--- Data in this exercise ---

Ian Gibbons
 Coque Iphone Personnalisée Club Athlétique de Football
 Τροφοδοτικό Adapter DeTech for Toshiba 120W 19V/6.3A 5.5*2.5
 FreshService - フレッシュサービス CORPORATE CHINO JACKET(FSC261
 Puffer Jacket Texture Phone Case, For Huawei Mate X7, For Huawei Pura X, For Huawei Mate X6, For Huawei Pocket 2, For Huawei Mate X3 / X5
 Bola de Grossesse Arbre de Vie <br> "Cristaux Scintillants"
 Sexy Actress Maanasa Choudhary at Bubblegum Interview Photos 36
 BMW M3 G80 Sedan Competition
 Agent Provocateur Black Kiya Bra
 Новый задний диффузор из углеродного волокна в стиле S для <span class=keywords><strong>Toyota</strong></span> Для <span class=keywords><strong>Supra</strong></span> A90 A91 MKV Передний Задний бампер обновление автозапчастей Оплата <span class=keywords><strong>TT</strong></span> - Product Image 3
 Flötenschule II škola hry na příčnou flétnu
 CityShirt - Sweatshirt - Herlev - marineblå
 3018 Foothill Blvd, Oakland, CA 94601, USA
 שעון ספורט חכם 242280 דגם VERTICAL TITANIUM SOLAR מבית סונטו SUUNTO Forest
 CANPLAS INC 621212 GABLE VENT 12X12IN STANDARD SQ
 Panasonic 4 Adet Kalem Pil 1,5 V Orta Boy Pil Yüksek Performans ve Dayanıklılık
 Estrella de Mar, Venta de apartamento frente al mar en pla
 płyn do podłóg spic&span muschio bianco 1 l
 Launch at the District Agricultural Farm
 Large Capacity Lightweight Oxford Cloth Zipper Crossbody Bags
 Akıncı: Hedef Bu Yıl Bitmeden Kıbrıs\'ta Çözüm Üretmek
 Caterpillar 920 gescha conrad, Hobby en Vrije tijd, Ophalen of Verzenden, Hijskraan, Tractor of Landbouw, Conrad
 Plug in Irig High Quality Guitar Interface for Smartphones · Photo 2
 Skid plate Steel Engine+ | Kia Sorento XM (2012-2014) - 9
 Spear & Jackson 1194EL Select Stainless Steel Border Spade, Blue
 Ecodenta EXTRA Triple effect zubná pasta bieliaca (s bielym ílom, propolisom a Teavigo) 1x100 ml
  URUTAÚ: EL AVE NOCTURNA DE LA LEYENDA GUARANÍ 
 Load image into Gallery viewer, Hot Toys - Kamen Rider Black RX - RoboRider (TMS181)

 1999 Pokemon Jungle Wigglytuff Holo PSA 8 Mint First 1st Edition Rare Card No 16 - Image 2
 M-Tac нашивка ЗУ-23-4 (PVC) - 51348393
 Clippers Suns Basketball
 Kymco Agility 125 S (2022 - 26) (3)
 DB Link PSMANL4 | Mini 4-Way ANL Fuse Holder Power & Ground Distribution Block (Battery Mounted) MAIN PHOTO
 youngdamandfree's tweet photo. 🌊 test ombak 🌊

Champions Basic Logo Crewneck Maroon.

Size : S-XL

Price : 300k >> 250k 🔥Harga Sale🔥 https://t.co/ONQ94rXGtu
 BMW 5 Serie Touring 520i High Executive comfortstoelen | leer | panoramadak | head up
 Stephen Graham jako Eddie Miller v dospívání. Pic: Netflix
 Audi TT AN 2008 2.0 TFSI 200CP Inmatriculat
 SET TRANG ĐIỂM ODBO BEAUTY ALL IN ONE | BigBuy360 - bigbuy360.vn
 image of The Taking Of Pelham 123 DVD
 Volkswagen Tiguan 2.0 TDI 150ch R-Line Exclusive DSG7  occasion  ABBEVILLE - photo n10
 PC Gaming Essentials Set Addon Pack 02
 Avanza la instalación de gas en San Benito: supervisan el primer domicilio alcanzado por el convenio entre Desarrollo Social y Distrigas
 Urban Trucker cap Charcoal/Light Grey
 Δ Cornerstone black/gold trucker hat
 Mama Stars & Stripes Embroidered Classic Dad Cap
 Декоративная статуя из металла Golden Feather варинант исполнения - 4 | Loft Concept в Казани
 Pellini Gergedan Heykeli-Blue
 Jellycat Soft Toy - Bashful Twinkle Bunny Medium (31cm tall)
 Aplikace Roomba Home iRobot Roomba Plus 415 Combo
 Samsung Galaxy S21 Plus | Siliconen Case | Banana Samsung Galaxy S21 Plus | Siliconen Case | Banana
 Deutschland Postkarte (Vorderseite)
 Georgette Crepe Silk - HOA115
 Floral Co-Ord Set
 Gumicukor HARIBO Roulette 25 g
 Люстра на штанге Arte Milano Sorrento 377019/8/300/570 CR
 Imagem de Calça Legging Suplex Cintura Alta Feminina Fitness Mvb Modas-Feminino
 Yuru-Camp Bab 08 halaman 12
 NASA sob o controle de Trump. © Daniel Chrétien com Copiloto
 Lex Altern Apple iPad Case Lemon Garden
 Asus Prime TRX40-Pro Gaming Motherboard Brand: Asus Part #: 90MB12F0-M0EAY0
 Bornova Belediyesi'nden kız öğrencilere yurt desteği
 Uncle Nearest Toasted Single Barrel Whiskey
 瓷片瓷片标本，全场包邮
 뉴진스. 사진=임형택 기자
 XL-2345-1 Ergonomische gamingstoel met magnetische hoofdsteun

---

Send back exactly, with nothing added, the lines from the first line of the material above through the line holding "Agent Provocateur Black Kiya Bra"; both ends are included.

Ian Gibbons
 Coque Iphone Personnalisée Club Athlétique de Football
 Τροφοδοτικό Adapter DeTech for Toshiba 120W 19V/6.3A 5.5*2.5
 FreshService - フレッシュサービス CORPORATE CHINO JACKET(FSC261
 Puffer Jacket Texture Phone Case, For Huawei Mate X7, For Huawei Pura X, For Huawei Mate X6, For Huawei Pocket 2, For Huawei Mate X3 / X5
 Bola de Grossesse Arbre de Vie <br> "Cristaux Scintillants"
 Sexy Actress Maanasa Choudhary at Bubblegum Interview Photos 36
 BMW M3 G80 Sedan Competition
 Agent Provocateur Black Kiya Bra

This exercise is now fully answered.